## EXERCISE PROMPT
Repeat the data as given. Images do not go in the copy.

======== EXERCISE MATERIALS

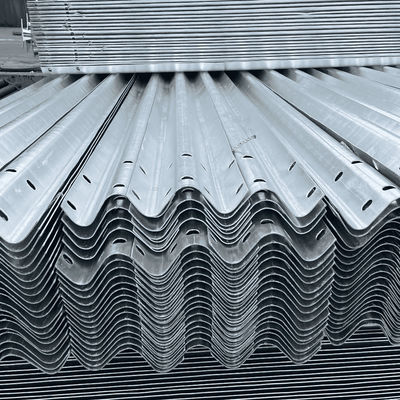 Εξωτερική Ασφάλεια ΗΠΑ Aashto Standard Hot Dip Galvanized Highway Guardrail Παράφραγμα κυκλοφορίας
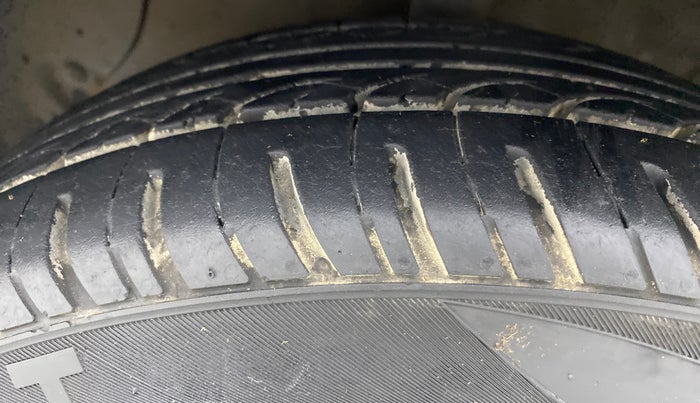 2017 Hyundai Grand i10 Sportz(O) 1.2 MT, Petrol, Manual, 61,081 km, Left Front Tyre Tread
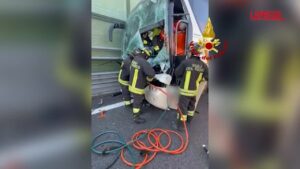 Milano, bus scolaresca si scontra con tir sull’A4: vigili del fuoco sulla scena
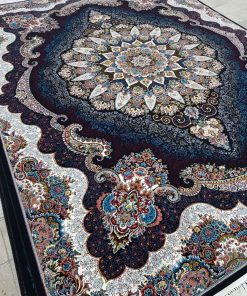 فرش ماشینی 700 شانه کاشان طرح پرمیس زمینه سرمه‌ای تراکم 2550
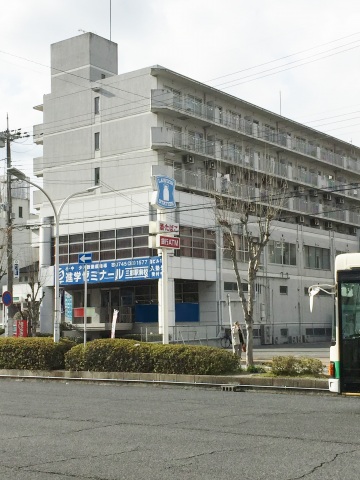 【生駒郡三郷町立野南のマンションの建物外観】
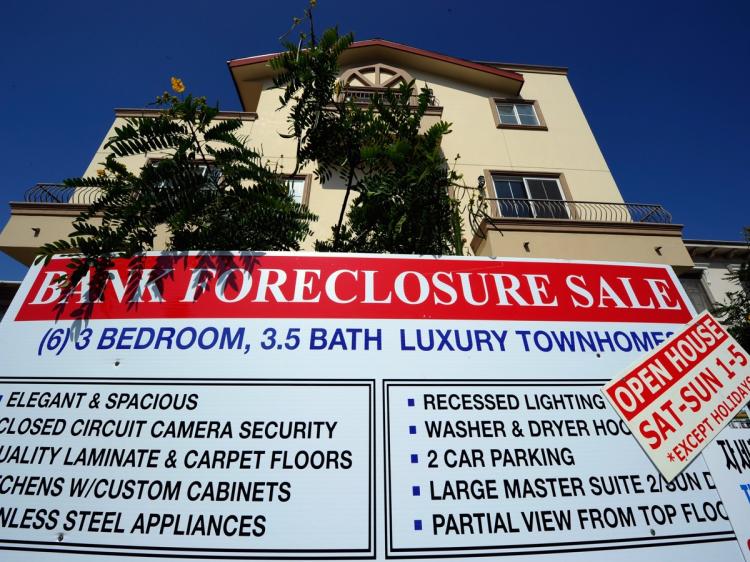 FORECLOSED: A 'bank foreclosure sale' sign is posted in front of townhomes on Aug. 12 in Los Angeles. U.S. banks repossessed homes at a record pace last month.(Kevork Djansezian/Getty Images) FORECLOSED: A 'bank foreclosure sale' sign is posted in front of townhomes on Aug. 12 in Los Angeles. U.S. banks repossessed homes at a record pace last month.(Kevork Djansezian/Getty Images)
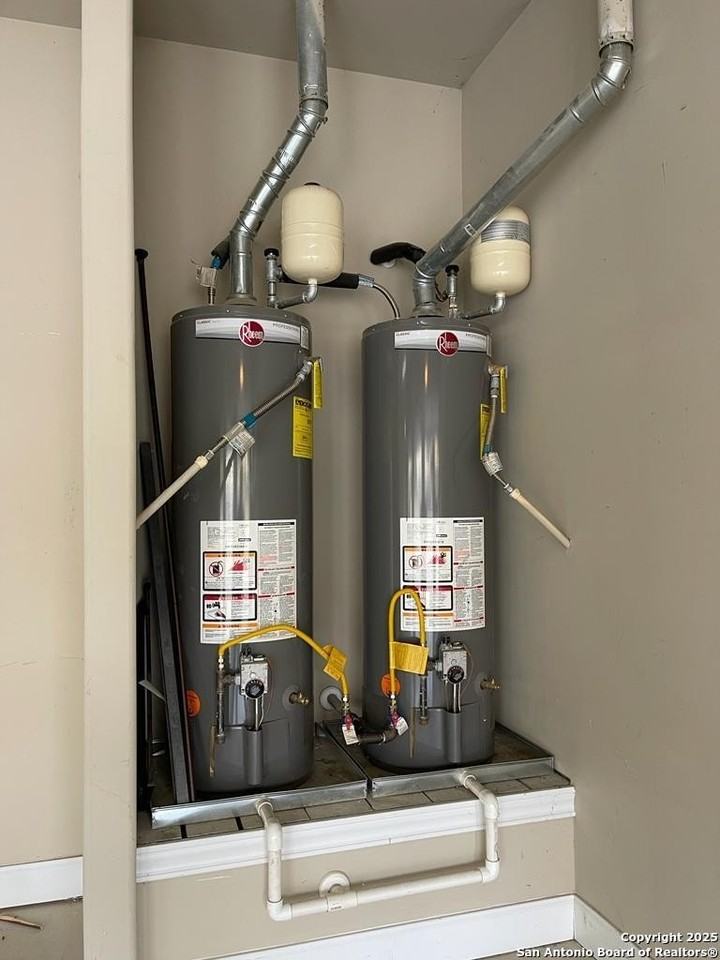 18039 Branson Fls - Photo 7 of 17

================

## YOUR RESPONSE
 Εξωτερική Ασφάλεια ΗΠΑ Aashto Standard Hot Dip Galvanized Highway Guardrail Παράφραγμα κυκλοφορίας
 2017 Hyundai Grand i10 Sportz(O) 1.2 MT, Petrol, Manual, 61,081 km, Left Front Tyre Tread
 Milano, bus scolaresca si scontra con tir sull’A4: vigili del fuoco sulla scena
 فرش ماشینی 700 شانه کاشان طرح پرمیس زمینه سرمه‌ای تراکم 2550
 【生駒郡三郷町立野南のマンションの建物外観】
 FORECLOSED: A 'bank foreclosure sale' sign is posted in front of townhomes on Aug. 12 in Los Angeles. U.S. banks repossessed homes at a record pace last month.(Kevork Djansezian/Getty Images) FORECLOSED: A 'bank foreclosure sale' sign is posted in front of townhomes on Aug. 12 in Los Angeles. U.S. banks repossessed homes at a record pace last month.(Kevork Djansezian/Getty Images)
 18039 Branson Fls - Photo 7 of 17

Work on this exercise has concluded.